Recentemente dei uma entrevista ao colega Pedro Fernando Avalone Athayde que foi publicada na edição de abril do boletim Politizando, do Núcleo de Estudos e Pesquisas em Política Social - NEPPOS/UnB. O tema envolveu as políticas urbanas e os custos sociais dos megaeventos.
Aproveito então este post para dar divulgação ao conteúdo da entrevista, que segue reproduzida abaixo.
Politizando - Em artigo de 2012, O bloco olímpico: Estado, organização esportiva e mercado na configuração da agenda Rio 2016, você identifica uma firme atuação do governo Lula no financiamento e investimento de infraestrutura para preparação do país como sede dos megaeventos esportivos. Além disso, você afirma que há um empenho daquele governo no incremento de programas e ações de manejo social do risco. O que isso significa?

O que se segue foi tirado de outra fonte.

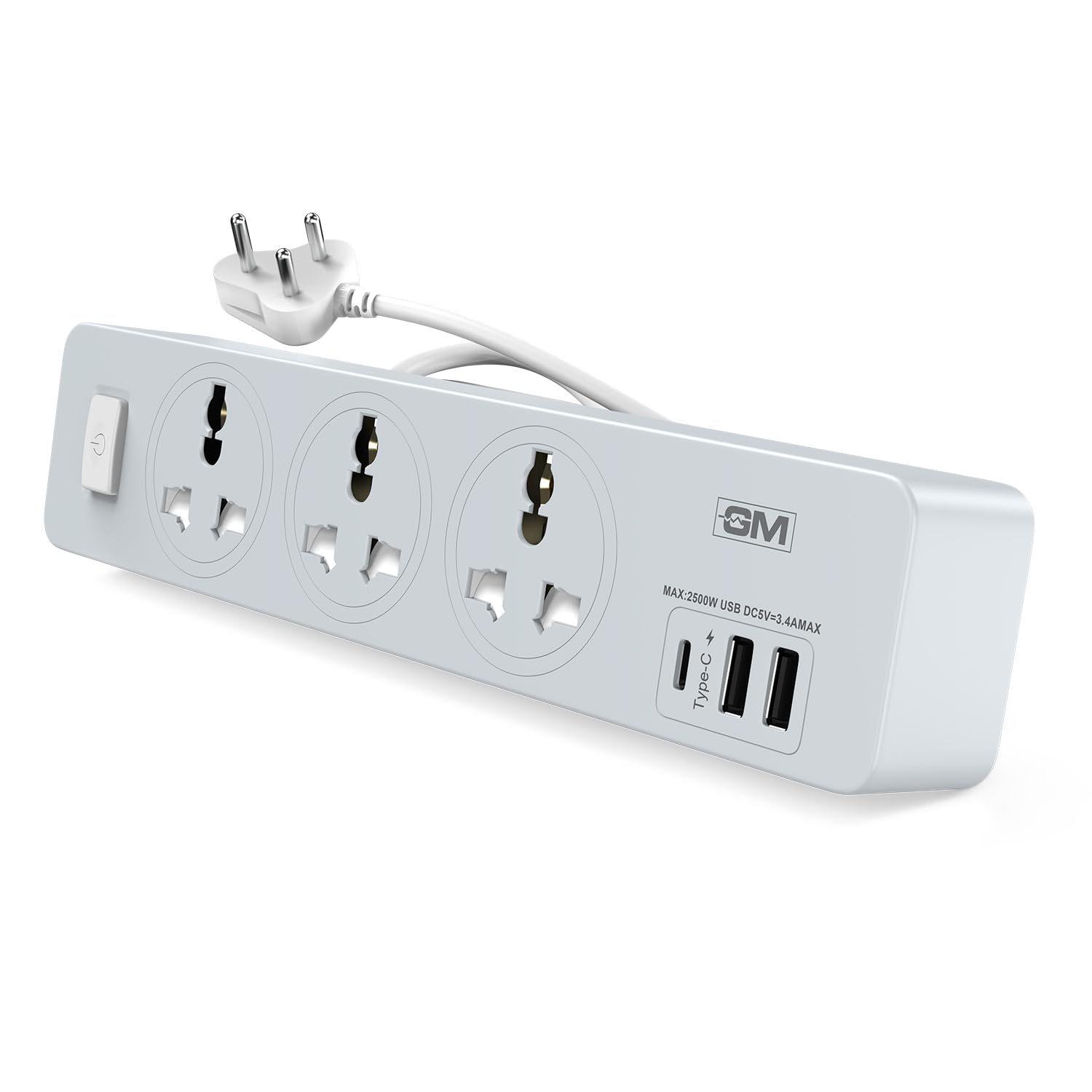 GM Cuba 3341 Power Strip with USB Type–C & 3 International Sockets | Extension Cord with Surge Protection | Fireproof Body Upto 750 Degree | 3.4A Power Output & 1.8mtr Cord Spike Guard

Sim, a partir do final do primeiro mandato do governo Lula e início do segundo, 2006-2007, com a melhora das contas externas do país, houve uma flexibilização das políticas macroeconômicas, inclusive da política fiscal, o que possibilitou maiores investimentos por parte do Estado. O tema do crescimento ganhou importância na agenda de governo e a ampliação da infraestrutura existente no país tornou -se essencial para um novo arranjo político-econômico.
É neste cenário que se inscreve o apoio do governo federal à candidatura e à realização dos megaeventos esportivos, parte de um projeto que, ao mesmo tempo prometia estimular o crescimento interno e reformular a imagem externa brasileira, catalisando obras e investimentos.

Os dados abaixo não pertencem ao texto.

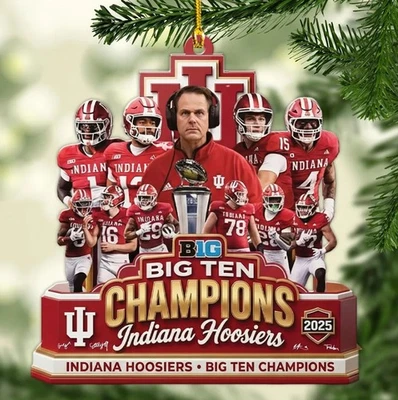 HANDMADE SALE! Indiana Football 2025 Big Ten Champions Acrylic Ornament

Todavia, os supostos impactos econômicos e sociais dos megaeventos estão se revelando absolutamente concentrados, produzindo uma espécie de legado às avessas.
Vejam o exemplo do Rio de Janeiro, cujas obras envolvendo a preparação para os Jogos sustentam-se a partir de um tipo de empreendedorismo que aprofunda a desigualdade na cidade. A Barra da Tijuca, notadamente uma região já privilegiada no que diz respeito ao acesso aos bens e serviços públicos, onde residem apenas 200 mil do total dos 5,5 milhões de habitantes do município, é a região que mais concentra investimentos. Na outra ponta, a população “suburbana” e “favelada” excluídas do modelo de “cidade empresa” que se pretende construir.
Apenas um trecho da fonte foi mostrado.